Soltanto una voce penetra lo strato di silenzio che mi avvolge, pare quasi un bisbiglio come per non svegliarmi. Sembra che stia leggendo qualcosa perché ha un ritmo lento e ben scandito.

Non ho la forza di aprire gli occhi per vedere a chi appartenga quella voce, ho quasi il terrore che possa essere doloroso anche quello e l'unica cosa che desidero al riguardo è affievolirlo semmai. Non riesco a concentrarmi su nessun pensiero, ho la mente stanca, perciò mi lascio cullare da quel suono calmo e pacato che mi tranquillizza, cercando di dimenticare la sofferenza.

A tratti la mia testa cerca di rievocare gli ultimi avvenimenti che si ingarbugliano confusi uno con l'altro, poco chiari, come se fosse accaduto qualche anno fa e non qualche ora fa. Ricordo soltanto che sono stata vicinissima alla morte ma che qualcuno è venuto a salvarmi. Delle braccia mi hanno sollevata e ho poggiato l'orecchio su un petto caldo, dentro cui batteva un cuore vivo, scandendo il tempo come i rintocchi di un orologio. Non capivo più dove mi trovassi, con chi fossi, tutto il mondo intorno a me non era altro che un enorme abisso nero, ma quel ritmo era reale, era l'unica cosa che mi dava la sicurezza di essere ancora viva.

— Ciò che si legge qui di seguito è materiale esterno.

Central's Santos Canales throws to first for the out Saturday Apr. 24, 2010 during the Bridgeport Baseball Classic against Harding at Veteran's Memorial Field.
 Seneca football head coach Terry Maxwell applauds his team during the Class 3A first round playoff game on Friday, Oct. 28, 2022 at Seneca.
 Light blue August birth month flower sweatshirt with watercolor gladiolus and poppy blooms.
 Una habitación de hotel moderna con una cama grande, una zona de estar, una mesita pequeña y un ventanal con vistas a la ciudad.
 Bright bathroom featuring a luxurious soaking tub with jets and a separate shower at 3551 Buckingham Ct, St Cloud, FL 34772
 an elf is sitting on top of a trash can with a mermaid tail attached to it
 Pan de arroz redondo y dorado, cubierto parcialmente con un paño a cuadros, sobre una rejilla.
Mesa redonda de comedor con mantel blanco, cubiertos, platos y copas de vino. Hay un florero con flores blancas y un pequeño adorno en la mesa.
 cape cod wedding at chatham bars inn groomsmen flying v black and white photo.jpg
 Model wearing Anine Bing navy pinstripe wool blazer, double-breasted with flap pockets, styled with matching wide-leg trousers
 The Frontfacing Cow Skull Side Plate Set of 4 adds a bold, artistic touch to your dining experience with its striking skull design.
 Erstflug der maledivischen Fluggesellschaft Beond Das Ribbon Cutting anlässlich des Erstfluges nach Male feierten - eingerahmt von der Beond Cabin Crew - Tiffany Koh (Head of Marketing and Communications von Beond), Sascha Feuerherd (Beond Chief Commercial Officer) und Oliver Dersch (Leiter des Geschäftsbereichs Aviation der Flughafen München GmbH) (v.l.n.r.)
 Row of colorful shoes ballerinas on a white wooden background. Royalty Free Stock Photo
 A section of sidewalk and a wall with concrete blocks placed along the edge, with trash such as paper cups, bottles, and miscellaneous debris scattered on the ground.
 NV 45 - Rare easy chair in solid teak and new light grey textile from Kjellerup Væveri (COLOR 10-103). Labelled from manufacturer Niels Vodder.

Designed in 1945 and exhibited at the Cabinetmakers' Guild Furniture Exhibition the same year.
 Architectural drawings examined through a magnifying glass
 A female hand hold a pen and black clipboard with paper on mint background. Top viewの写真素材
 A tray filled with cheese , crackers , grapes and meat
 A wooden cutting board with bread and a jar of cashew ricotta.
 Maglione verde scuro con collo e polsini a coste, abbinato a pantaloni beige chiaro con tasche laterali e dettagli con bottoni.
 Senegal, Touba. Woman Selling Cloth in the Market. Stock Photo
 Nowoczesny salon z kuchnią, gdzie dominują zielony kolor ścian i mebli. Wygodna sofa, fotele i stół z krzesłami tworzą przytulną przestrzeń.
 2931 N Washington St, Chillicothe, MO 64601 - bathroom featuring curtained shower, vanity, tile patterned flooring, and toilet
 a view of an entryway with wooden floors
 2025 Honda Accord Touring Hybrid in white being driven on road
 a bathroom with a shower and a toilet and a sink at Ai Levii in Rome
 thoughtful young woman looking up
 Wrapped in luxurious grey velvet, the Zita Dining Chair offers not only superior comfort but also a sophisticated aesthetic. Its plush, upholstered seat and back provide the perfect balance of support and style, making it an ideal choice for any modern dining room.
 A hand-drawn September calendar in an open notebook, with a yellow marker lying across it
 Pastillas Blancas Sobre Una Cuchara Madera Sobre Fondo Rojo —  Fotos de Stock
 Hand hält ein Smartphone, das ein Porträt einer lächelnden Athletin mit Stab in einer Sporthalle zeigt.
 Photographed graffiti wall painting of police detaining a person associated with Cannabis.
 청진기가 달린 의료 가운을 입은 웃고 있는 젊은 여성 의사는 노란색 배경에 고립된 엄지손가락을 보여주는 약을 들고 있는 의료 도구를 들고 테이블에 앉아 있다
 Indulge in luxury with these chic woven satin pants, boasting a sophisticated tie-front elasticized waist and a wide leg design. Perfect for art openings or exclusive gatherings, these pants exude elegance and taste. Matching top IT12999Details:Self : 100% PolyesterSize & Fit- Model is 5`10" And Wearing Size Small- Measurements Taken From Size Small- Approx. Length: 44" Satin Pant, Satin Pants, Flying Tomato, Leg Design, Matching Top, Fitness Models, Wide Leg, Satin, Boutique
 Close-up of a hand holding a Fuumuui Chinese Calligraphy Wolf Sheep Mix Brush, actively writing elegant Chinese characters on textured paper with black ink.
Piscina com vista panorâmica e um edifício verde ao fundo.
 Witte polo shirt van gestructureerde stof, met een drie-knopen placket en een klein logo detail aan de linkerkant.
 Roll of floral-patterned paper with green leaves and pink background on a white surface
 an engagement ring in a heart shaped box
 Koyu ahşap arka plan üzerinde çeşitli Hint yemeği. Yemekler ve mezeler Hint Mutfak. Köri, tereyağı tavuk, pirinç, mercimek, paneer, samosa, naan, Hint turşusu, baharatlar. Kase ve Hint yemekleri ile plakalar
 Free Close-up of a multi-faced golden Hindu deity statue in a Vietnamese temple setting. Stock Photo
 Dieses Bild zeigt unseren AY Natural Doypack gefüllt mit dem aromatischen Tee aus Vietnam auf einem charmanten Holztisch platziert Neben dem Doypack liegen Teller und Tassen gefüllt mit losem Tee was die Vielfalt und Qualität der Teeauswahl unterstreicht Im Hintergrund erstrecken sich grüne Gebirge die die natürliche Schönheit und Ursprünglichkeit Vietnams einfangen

Ho la sensazione di aver fallito, anche se non riesco a ricordare in cosa, ma in verità non è importante, perché tanto fallisco in tutto. Ho di nuovo deluso qualcuno? Ho deluso me stessa? Sì, deve essere andata proprio così, devo aver fatto di testa mia e non ne è uscito niente di buono.

Un'altra fitta mi attraversa il costato e il dolore mi esplode dietro agli occhi. Devo concentrarmi su qualcosa di bello per distrarmi. Quasi all'improvviso mi appare davanti uno sguardo azzurro come un cielo senza confini. È un colore lenitivo, che mi trasmette pace e serenità e presto mi dimentico del male e scivolo in un sogno bellissimo.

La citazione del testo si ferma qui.